# Thank you for your service



## Cyberchp (Nov 9, 2012)

It may be a repeat but this brought tears to my eyes.  

If you ever wore a military uniform, in peace or war, you are part of history and we honor you.  

Thank you for your service!


----------



## fox1371 (Nov 9, 2012)

It's still a good one.  Thanks for posting this again.


----------



## Red Flag 1 (Nov 11, 2012)

fox1371 said:


> It's still a good one. Thanks for posting this again.


 
Concur! Nice seeing that clip.

RF 1


----------



## Jettie (Nov 13, 2012)

Nice vid, thank you. Went to the Cenotaph yesterday and service for Remembrance Day. Wow, veterans getting old, but they are sure tough buggers.

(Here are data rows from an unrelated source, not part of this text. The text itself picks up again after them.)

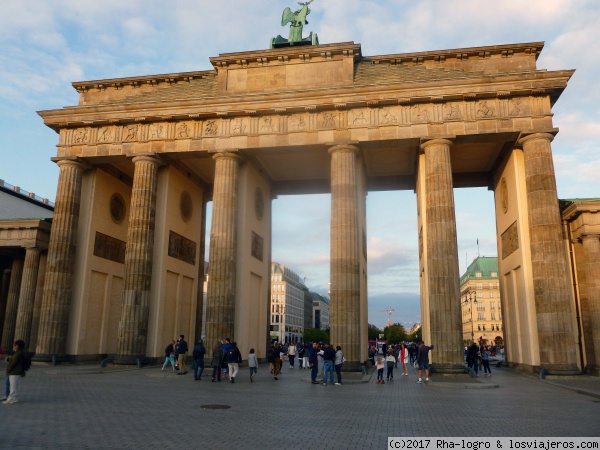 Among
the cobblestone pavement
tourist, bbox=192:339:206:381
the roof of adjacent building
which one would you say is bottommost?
the cobblestone pavement

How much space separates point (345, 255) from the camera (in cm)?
2612

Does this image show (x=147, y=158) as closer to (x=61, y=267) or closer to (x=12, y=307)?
(x=61, y=267)

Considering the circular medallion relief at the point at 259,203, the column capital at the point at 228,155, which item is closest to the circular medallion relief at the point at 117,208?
the column capital at the point at 228,155

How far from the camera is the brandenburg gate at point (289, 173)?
25375mm

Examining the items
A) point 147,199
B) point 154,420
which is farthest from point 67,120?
point 154,420

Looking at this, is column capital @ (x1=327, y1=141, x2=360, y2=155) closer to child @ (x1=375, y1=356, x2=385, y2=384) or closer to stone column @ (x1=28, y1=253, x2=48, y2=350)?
child @ (x1=375, y1=356, x2=385, y2=384)

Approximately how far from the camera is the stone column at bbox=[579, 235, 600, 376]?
2552 cm

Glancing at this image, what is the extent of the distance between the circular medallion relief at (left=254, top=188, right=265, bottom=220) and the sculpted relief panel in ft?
18.2

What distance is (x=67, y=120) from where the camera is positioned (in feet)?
102

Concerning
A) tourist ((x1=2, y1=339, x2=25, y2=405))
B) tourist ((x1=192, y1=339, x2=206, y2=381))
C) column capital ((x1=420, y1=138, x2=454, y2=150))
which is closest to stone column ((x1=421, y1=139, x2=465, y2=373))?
column capital ((x1=420, y1=138, x2=454, y2=150))

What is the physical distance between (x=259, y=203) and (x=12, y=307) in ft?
71.4

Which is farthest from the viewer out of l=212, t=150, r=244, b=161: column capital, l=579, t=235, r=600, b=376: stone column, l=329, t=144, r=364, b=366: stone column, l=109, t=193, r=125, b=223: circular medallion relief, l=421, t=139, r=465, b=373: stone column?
l=109, t=193, r=125, b=223: circular medallion relief

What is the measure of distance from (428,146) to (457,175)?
8.89 meters

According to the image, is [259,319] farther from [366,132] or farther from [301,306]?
[301,306] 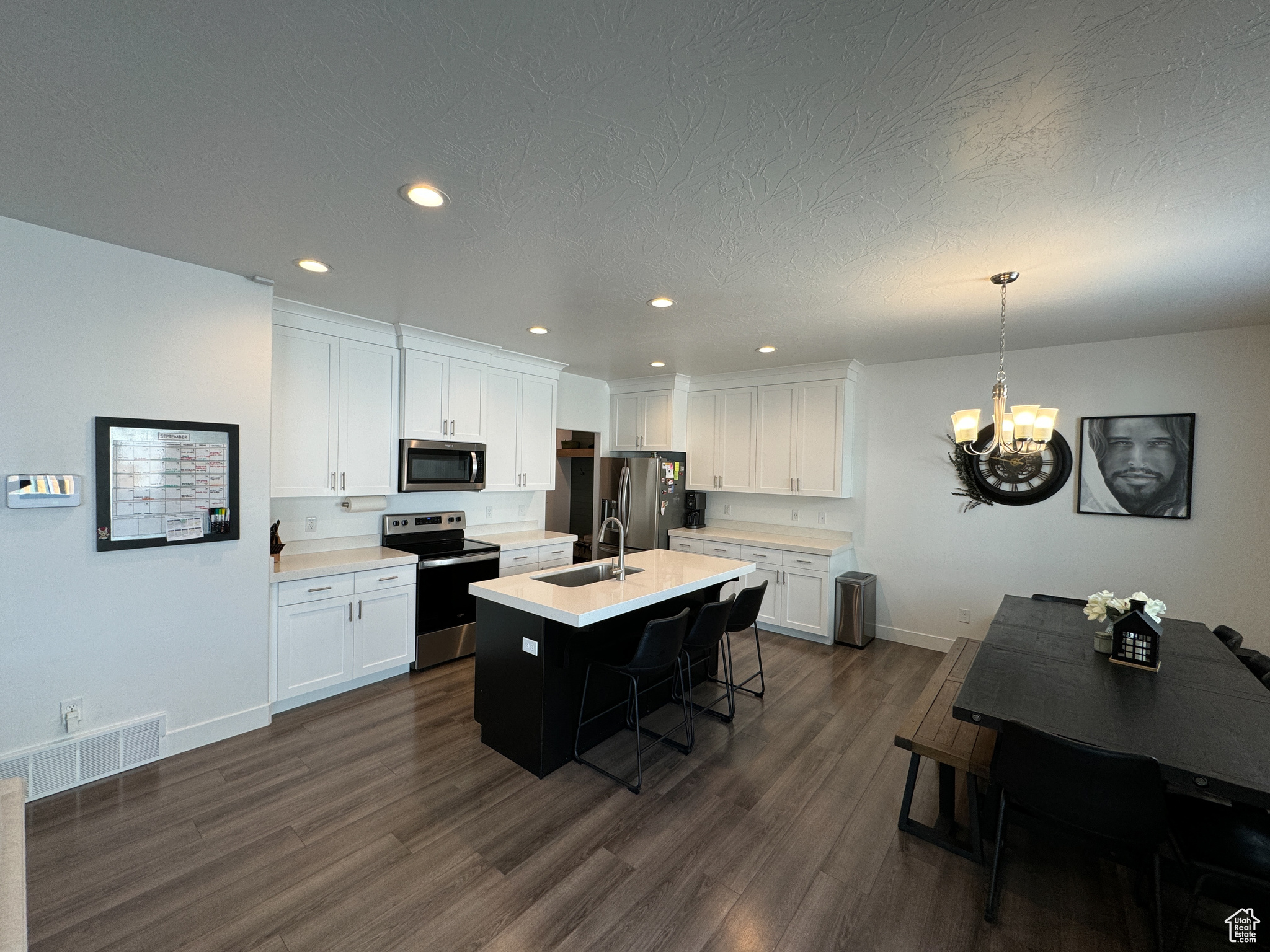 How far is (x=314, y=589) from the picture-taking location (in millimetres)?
3238

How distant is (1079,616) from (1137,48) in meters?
3.03

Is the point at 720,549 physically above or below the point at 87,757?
above

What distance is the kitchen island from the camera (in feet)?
8.48

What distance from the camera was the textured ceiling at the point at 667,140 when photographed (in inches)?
45.4

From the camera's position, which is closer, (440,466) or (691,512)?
(440,466)

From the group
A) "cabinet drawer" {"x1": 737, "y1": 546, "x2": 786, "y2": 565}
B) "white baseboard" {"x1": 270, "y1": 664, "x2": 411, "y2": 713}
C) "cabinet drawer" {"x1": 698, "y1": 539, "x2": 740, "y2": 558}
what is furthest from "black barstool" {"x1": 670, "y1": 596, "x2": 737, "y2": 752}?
"white baseboard" {"x1": 270, "y1": 664, "x2": 411, "y2": 713}

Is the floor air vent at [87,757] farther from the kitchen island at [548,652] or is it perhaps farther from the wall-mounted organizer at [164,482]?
the kitchen island at [548,652]

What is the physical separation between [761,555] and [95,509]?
14.8 ft

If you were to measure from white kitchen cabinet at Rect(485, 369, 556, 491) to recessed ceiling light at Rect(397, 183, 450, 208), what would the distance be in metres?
2.61

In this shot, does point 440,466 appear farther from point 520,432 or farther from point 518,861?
point 518,861

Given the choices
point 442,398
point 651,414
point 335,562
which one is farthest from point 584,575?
point 651,414

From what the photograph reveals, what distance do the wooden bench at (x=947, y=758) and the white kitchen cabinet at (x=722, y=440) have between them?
304 cm

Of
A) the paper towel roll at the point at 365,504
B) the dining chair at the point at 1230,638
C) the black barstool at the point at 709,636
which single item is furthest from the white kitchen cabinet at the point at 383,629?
the dining chair at the point at 1230,638

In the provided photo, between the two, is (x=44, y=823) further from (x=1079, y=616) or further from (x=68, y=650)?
(x=1079, y=616) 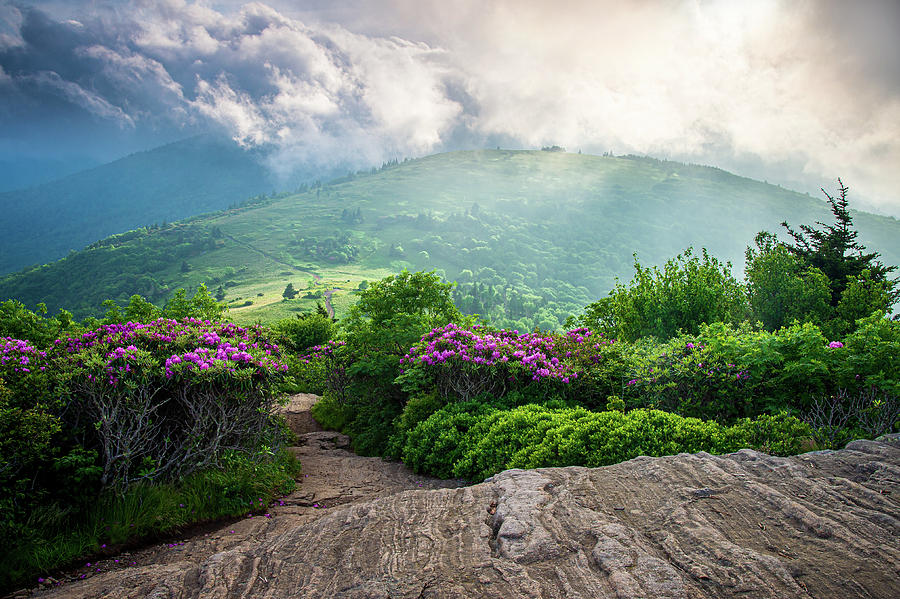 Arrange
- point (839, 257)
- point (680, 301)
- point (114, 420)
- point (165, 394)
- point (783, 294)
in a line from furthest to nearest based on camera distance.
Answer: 1. point (839, 257)
2. point (783, 294)
3. point (680, 301)
4. point (165, 394)
5. point (114, 420)

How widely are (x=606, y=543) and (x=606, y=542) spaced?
0.01 metres

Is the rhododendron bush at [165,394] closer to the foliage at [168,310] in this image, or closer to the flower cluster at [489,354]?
the flower cluster at [489,354]

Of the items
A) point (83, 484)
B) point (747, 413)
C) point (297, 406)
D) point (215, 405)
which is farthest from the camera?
point (297, 406)

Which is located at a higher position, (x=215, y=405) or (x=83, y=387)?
(x=83, y=387)

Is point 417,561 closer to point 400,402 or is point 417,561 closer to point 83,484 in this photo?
point 83,484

I'm freezing and shivering; not a twitch from a one of them.


----------



## Arrow 4 (Feb 11, 2013)

Nice! When I came home from Iraq, I was met by many family members and friends at the airport waving flags and holding signs. I noticed a Vietnam vet walking by us and mumbling about the reception he got when he came home. Already emotional, all I could think to do was give him and hug and tell him welcome home through my own tears.


----------



## pardus (Feb 12, 2013)

I often feel embarrassed about the adulation I/we receive, while Vietnam vets look on, or are the ones bestowing it to us, while knowing they were fucked so badly by the public when they returned. Especially after they experienced far more intense combat than most GWOT vets have.
The Korean war maybe listed as the forgotten war but the Vietnam war was far worse for the veterans, particularly once they got home.

Whenever I find out someone was a hippie in the 60's or 70's I have an unbridled HATE for them!


----------



## Marine0311 (Feb 12, 2013)

All veterans of all wars who answered the call should be honored. I alway shake hands when I spot out a veteran. It is we who did when others would not.


----------



## Soldado (Feb 18, 2013)

Nice one video, I'd like that kind of gratefulness in my country.  And not to forget that not everyone that wears a uniform is a hero.


----------



## Salt USMC (Feb 18, 2013)

Soldado said:


> Nice one video, I'd like that kind of gratefulness in my country. And not to forget that not everyone that wears a uniform is a hero.


This is very true.  For all its faults, America has treated its recent veterans very well.


----------



## pardus (Feb 19, 2013)

Soldado said:


> And not to forget that not everyone that wears a uniform is a hero.


 
No they are not.


----------